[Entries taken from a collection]
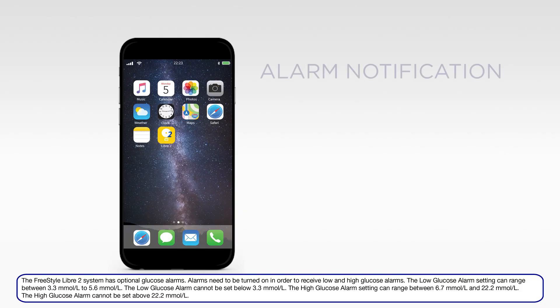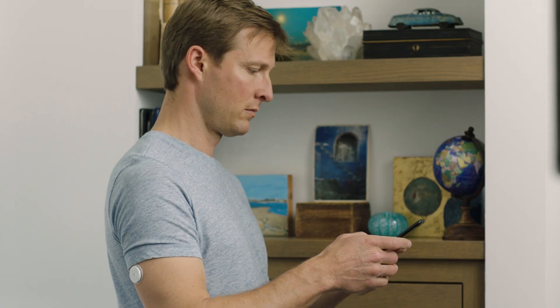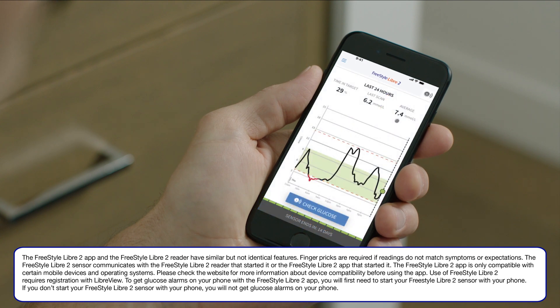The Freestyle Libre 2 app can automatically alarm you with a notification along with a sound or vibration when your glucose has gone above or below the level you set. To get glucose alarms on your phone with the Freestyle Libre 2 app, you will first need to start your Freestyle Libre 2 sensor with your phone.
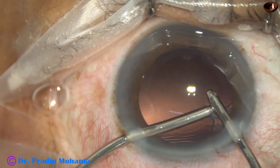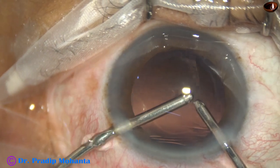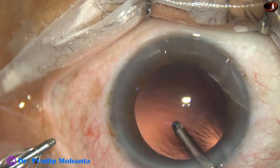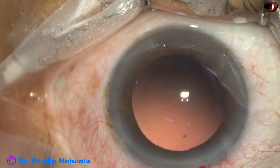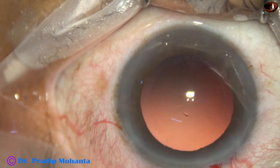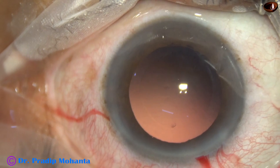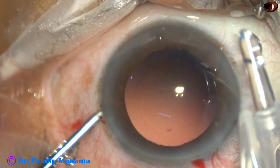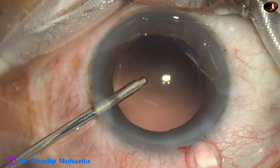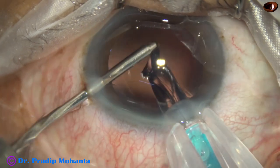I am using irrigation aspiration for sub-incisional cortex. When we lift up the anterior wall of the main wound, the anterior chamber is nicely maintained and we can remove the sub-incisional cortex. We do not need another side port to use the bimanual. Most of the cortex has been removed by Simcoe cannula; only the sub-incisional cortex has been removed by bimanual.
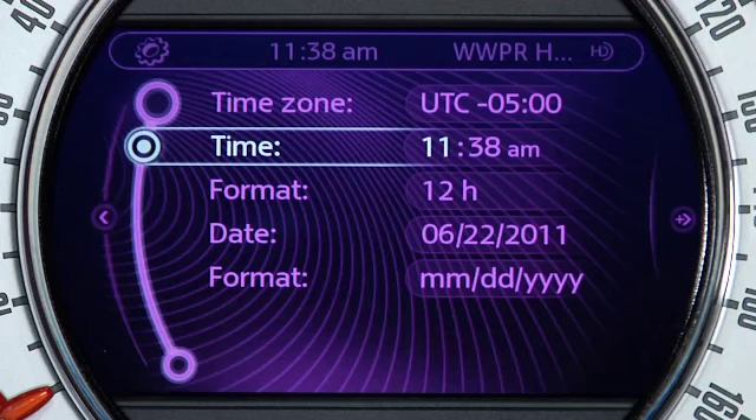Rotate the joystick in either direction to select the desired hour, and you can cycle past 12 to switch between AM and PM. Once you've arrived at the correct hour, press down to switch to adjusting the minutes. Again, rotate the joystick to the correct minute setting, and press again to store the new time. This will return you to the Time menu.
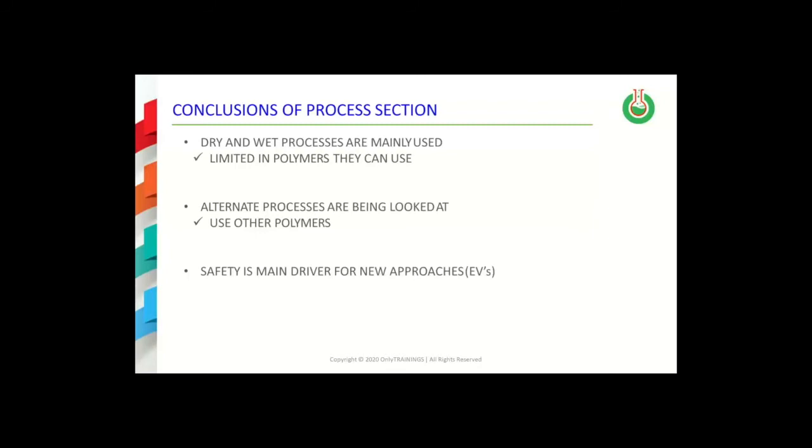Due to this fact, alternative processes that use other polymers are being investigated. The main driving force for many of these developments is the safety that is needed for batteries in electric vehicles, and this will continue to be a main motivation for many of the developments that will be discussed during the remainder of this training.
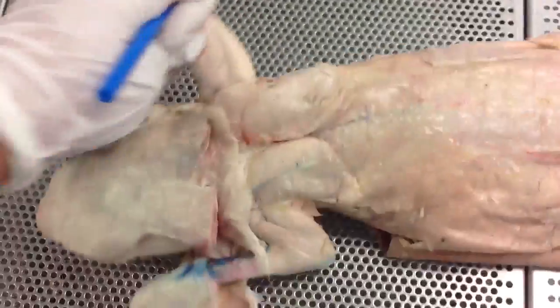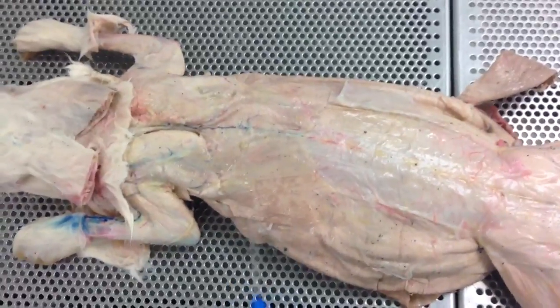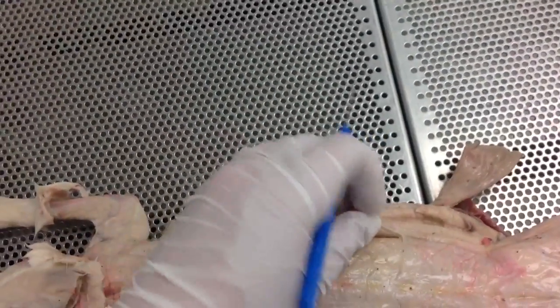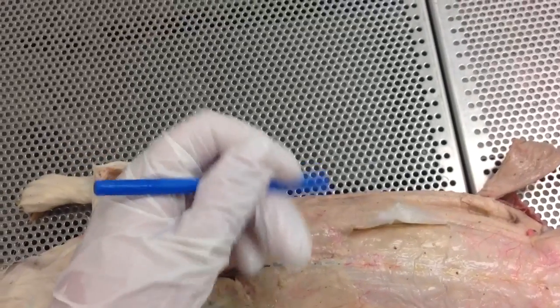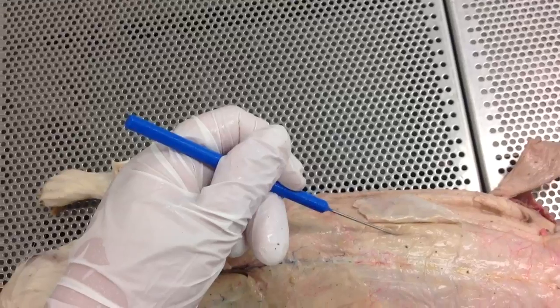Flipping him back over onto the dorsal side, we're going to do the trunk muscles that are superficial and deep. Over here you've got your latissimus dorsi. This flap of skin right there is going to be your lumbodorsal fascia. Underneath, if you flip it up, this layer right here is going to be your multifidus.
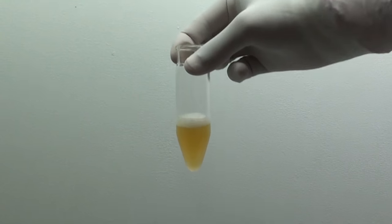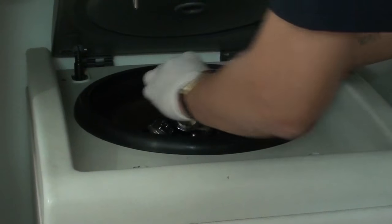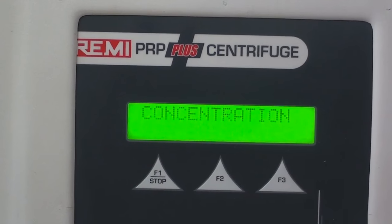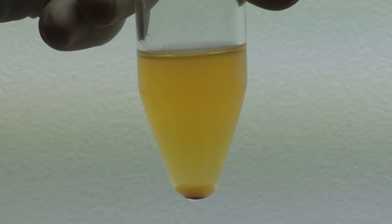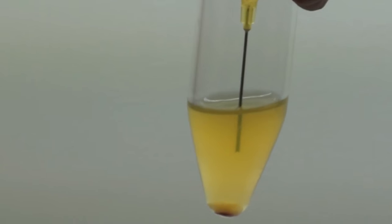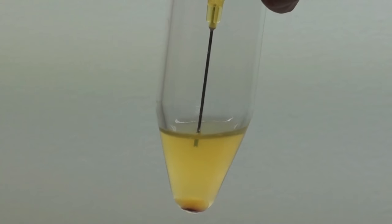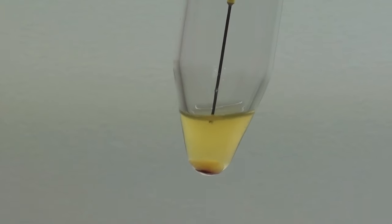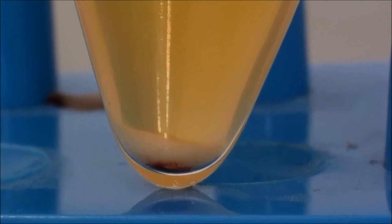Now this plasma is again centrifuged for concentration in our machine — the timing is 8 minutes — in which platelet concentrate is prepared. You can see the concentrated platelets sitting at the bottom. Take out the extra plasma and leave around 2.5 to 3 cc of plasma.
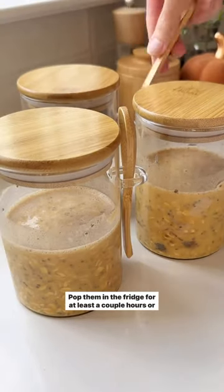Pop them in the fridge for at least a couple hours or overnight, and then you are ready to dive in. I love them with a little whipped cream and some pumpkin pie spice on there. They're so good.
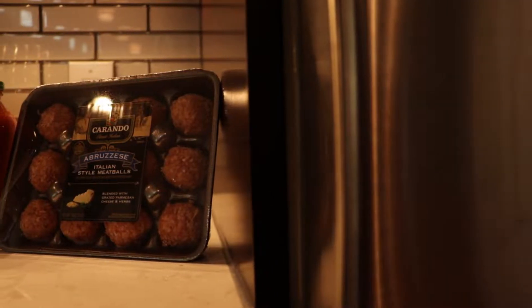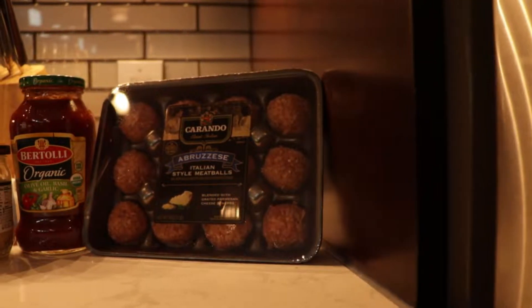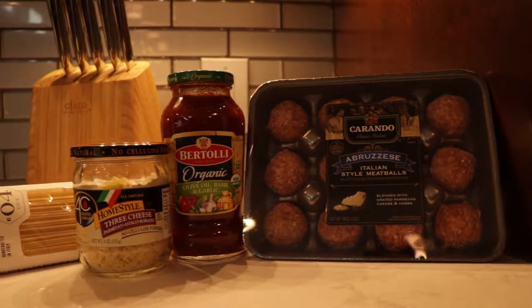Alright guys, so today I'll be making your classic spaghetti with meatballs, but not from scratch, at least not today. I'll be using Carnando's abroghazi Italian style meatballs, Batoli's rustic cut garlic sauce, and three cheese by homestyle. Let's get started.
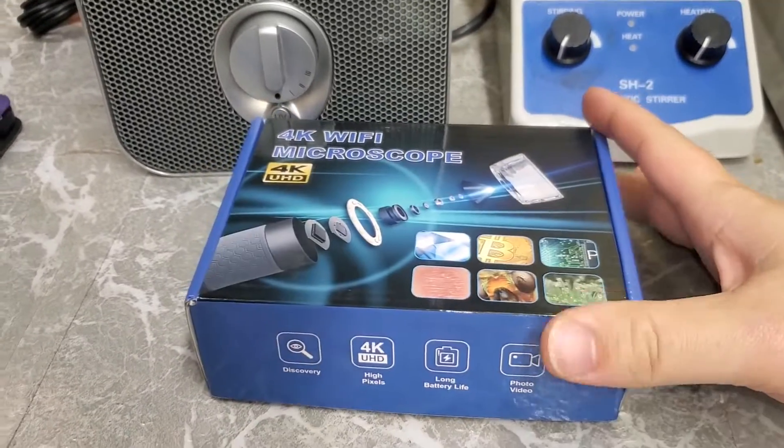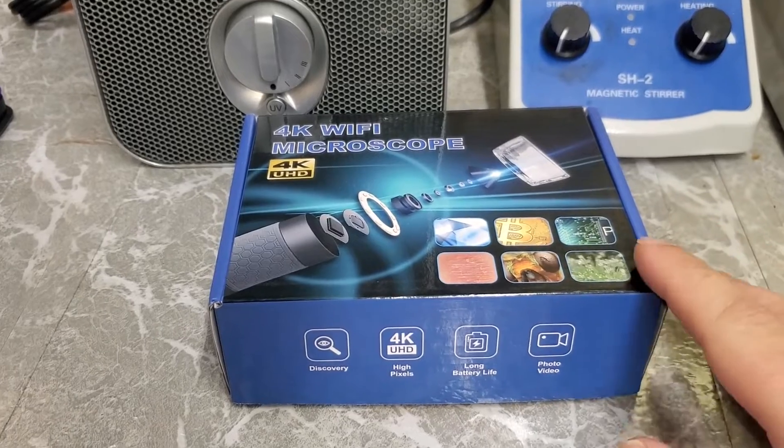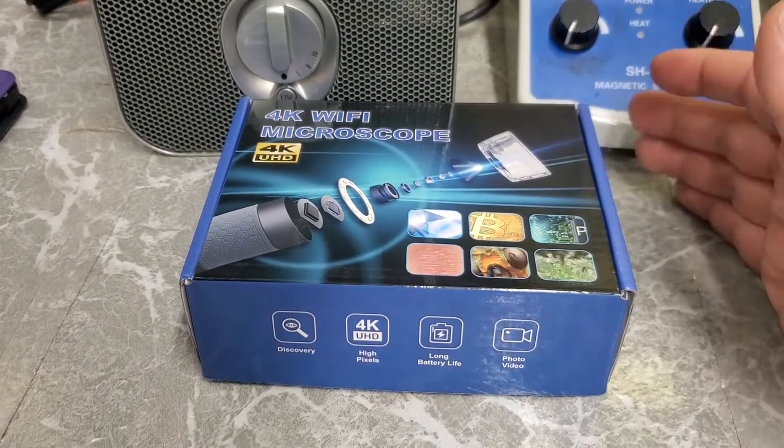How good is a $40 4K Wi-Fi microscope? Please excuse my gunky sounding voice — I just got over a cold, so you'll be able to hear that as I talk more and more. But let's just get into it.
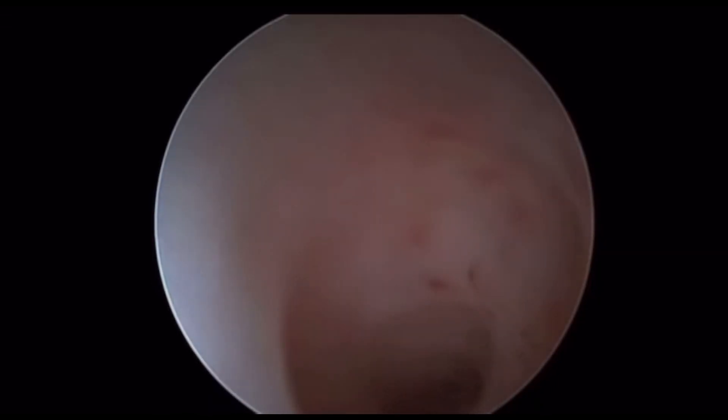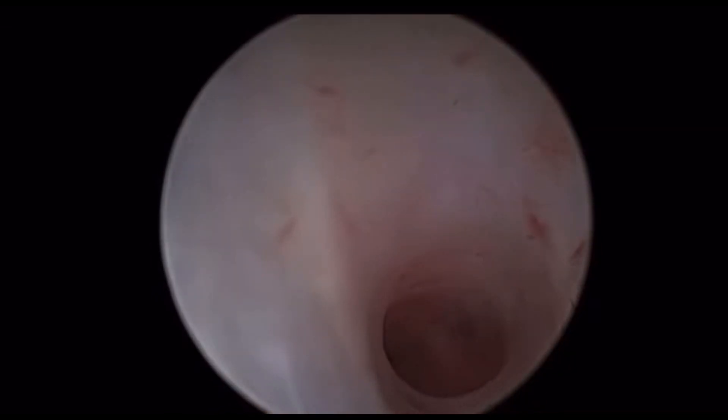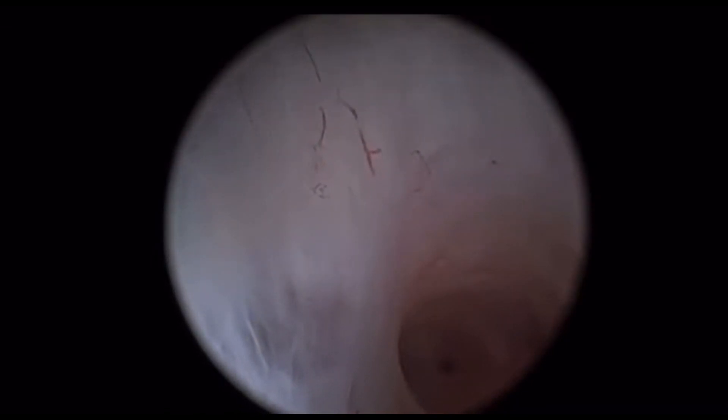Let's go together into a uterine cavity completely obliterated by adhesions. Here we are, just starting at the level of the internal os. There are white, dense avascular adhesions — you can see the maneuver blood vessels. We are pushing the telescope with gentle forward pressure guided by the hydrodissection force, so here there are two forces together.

#### Your goal
Out of the records above, please copy exactly the lines from the line with "I am using irrigation" up to and including the line with "Due to this", minus the pictures.

#### Response area
I am using irrigation aspiration for sub-incisional cortex. When we lift up the anterior wall of the main wound, the anterior chamber is nicely maintained and we can remove the sub-incisional cortex. We do not need another side port to use the bimanual. Most of the cortex has been removed by Simcoe cannula; only the sub-incisional cortex has been removed by bimanual.
Rotate the joystick in either direction to select the desired hour, and you can cycle past 12 to switch between AM and PM. Once you've arrived at the correct hour, press down to switch to adjusting the minutes. Again, rotate the joystick to the correct minute setting, and press again to store the new time. This will return you to the Time menu.
Due to this fact, alternative processes that use other polymers are being investigated. The main driving force for many of these developments is the safety that is needed for batteries in electric vehicles, and this will continue to be a main motivation for many of the developments that will be discussed during the remainder of this training.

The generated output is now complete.